§ Provided records:
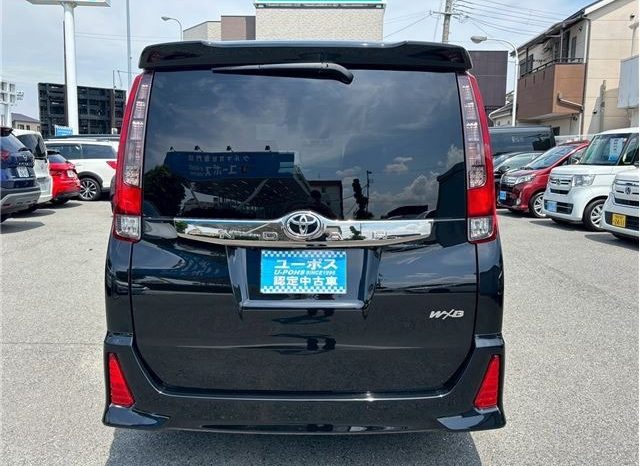 Toyota Noah  Si Double B 2016 full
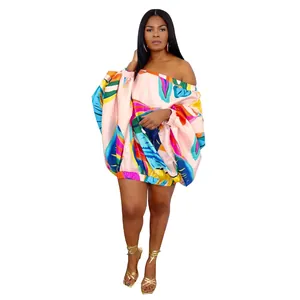 Vestido corto con hombros descubiertos y estampado abstracto de mangas murciélago.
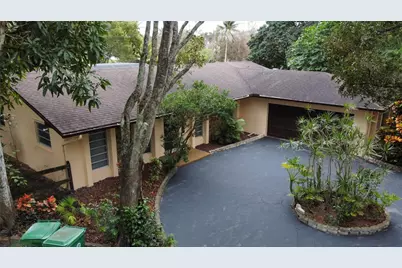 10800 SW 40th Court, Davie, FL 33328 - Photo 3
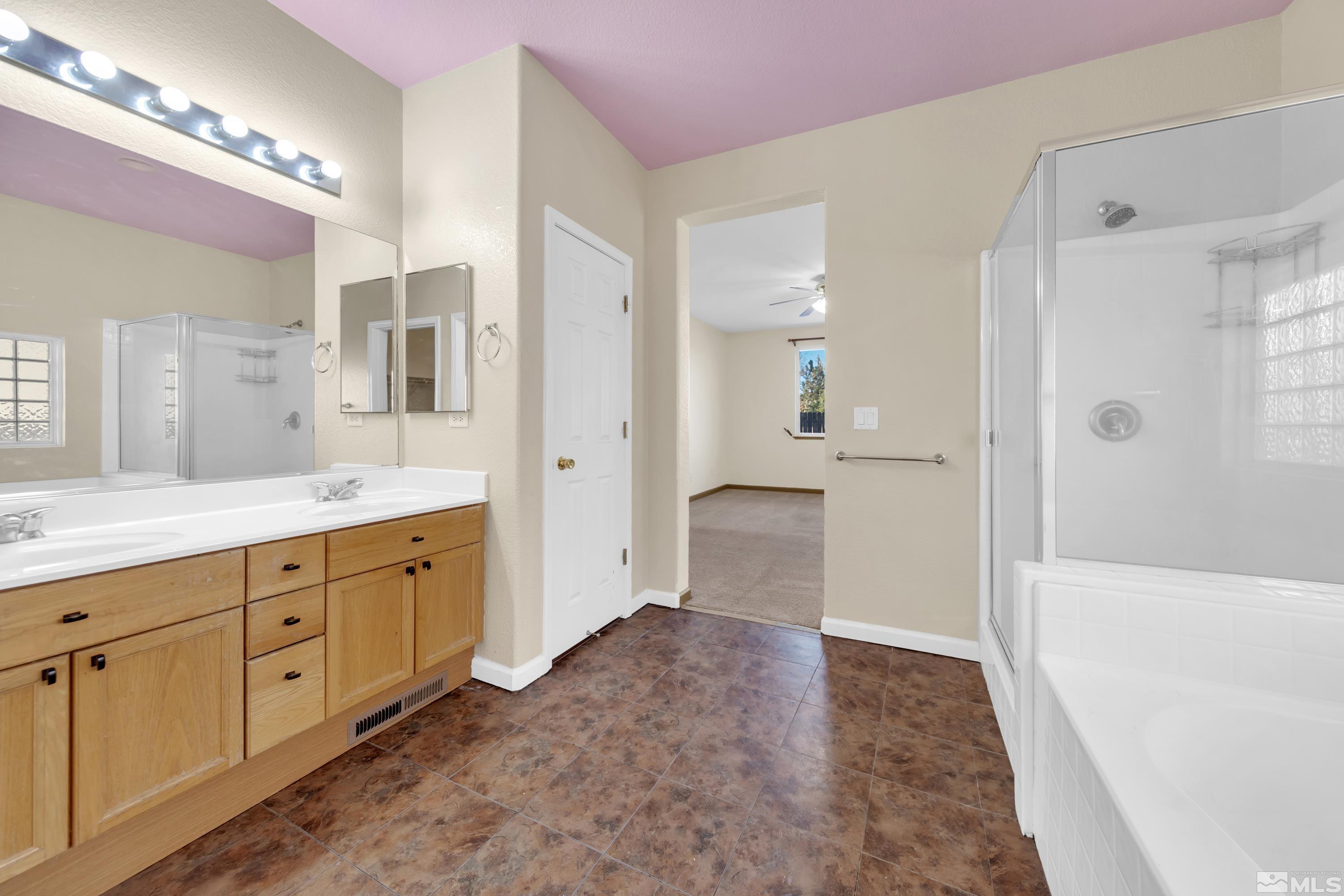 9538 Long River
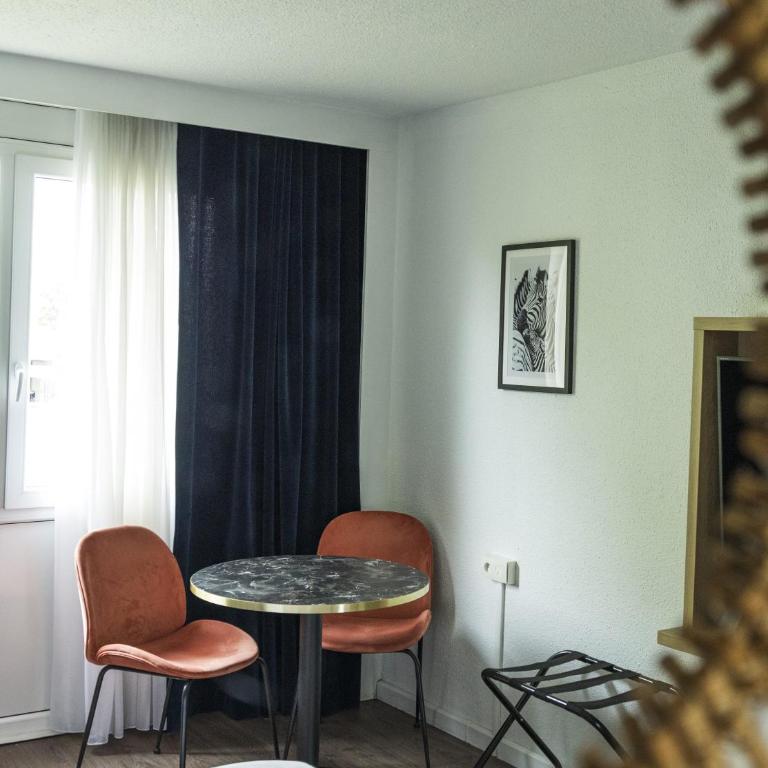 Campanile PRIME - Troyes Nord Barberey - Chambre Confort 1 Chambre 1 Lit Queen 1 Canapé-lit - 6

§ Your assignment: Write every line of the data out again exactly, leaving out all images.

§ Result for this task:
 Toyota Noah  Si Double B 2016 full
 Vestido corto con hombros descubiertos y estampado abstracto de mangas murciélago.
 10800 SW 40th Court, Davie, FL 33328 - Photo 3
 9538 Long River
 Campanile PRIME - Troyes Nord Barberey - Chambre Confort 1 Chambre 1 Lit Queen 1 Canapé-lit - 6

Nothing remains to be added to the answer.